**DATA TO PROCESS:**
┄┄┄┄┄┄
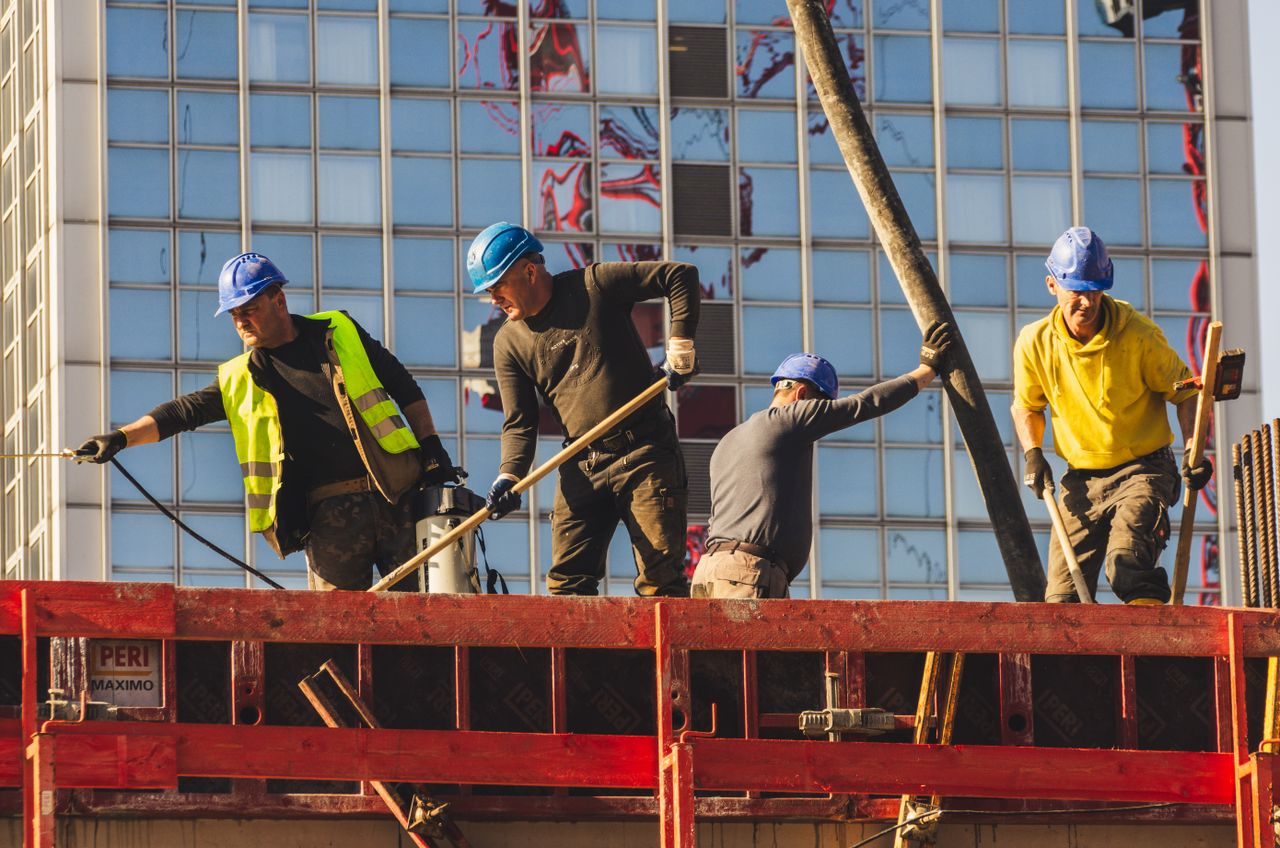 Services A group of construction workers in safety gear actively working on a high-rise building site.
┄┄┄┄┄┄
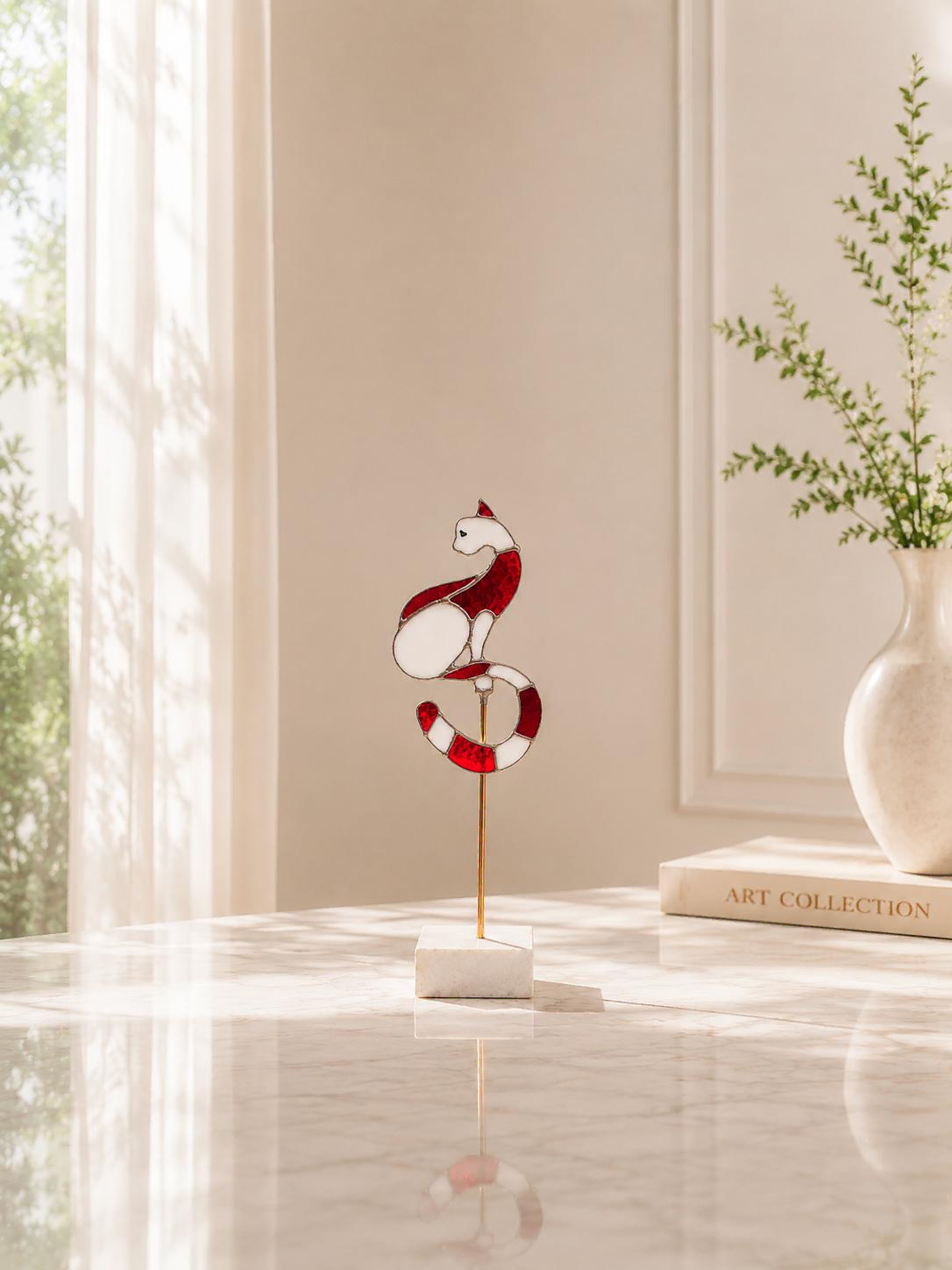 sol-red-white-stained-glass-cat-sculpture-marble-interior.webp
┄┄┄┄┄┄
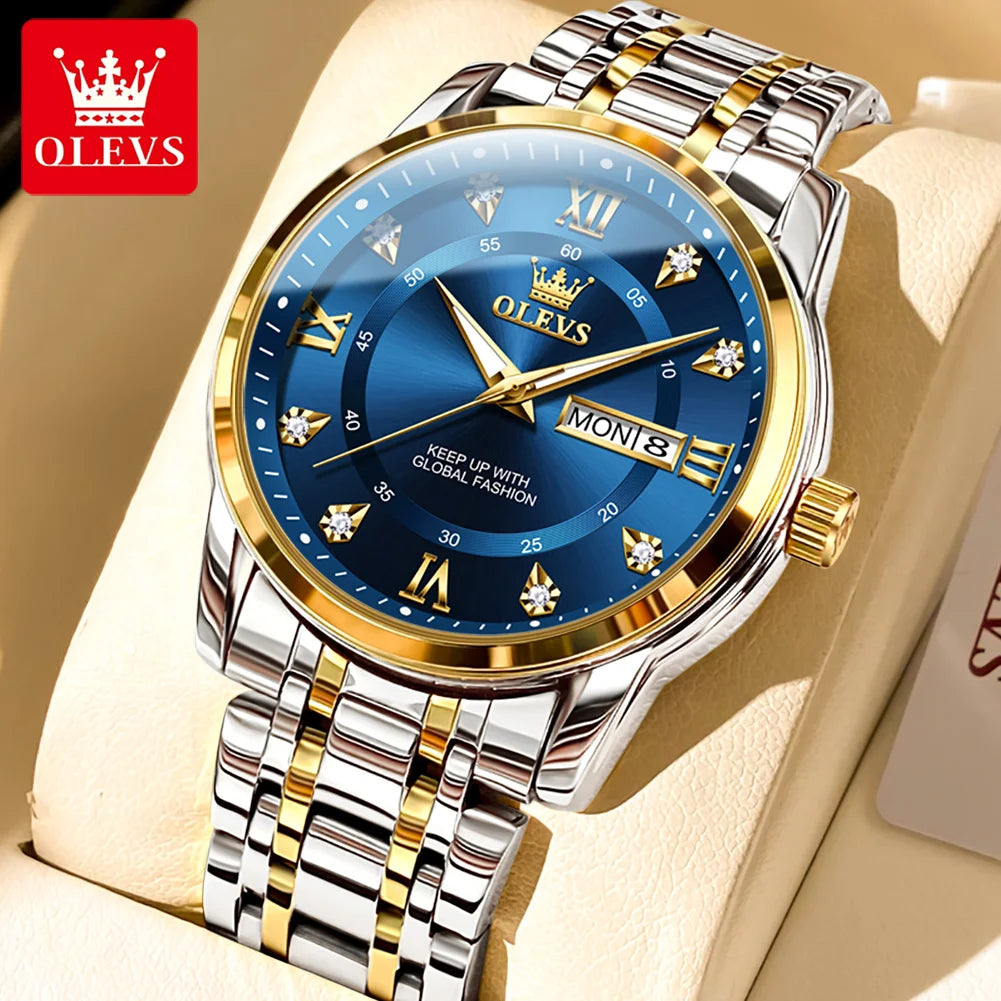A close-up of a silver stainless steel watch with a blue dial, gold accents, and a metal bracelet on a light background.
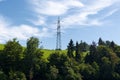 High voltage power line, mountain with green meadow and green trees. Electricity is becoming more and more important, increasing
┄┄┄┄┄┄
**DESCRIPTION OF THE TASK:**
When copying from the data above, begin at the line containing "A close-up of" and end at the line containing "High voltage power"; return those lines exactly and leave all pictures behind.

**TASK RESPONSE:**
A close-up of a silver stainless steel watch with a blue dial, gold accents, and a metal bracelet on a light background.
 High voltage power line, mountain with green meadow and green trees. Electricity is becoming more and more important, increasing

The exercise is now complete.